• **WORK TASK**:
All lines from the one holding "966308 Комплект стульев" to the end of the listing are to be output exactly, both ends included, with any pictures left out.

• **PROVIDED MATERIAL**:
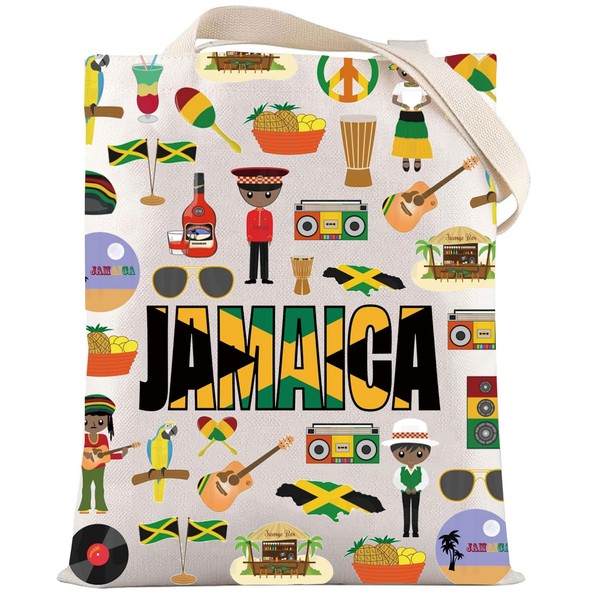 LEVLO Jamaica Tote Bag Jamaica Travel Gift Jamaica Country Trip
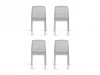 966308 Комплект стульев Bottega 4 шт. ОГОГО Обстановочка! 966308 (Пластик/Светло-серый)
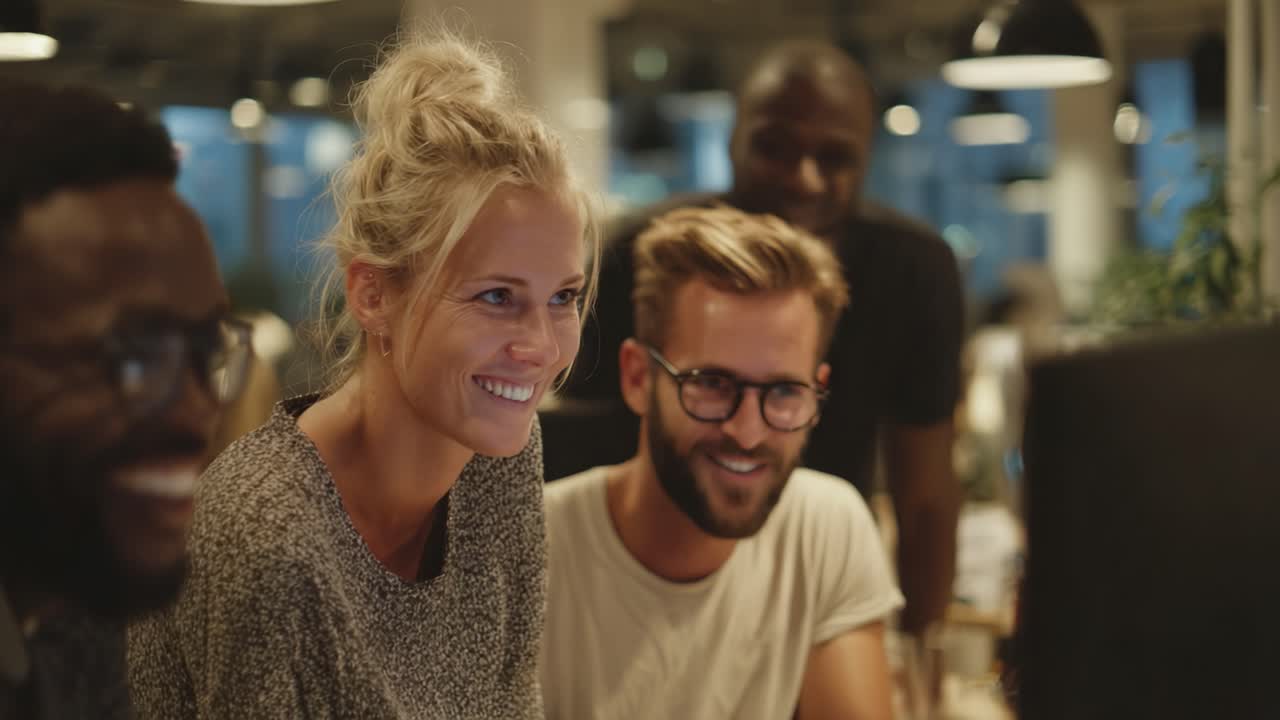 A Joyful Team Collaboration: Finding Inspiration and Laughter in a Creative Workspace While Engaging with Technology and Ideas Together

• **WRITTEN SOLUTION**:
 966308 Комплект стульев Bottega 4 шт. ОГОГО Обстановочка! 966308 (Пластик/Светло-серый)
 A Joyful Team Collaboration: Finding Inspiration and Laughter in a Creative Workspace While Engaging with Technology and Ideas Together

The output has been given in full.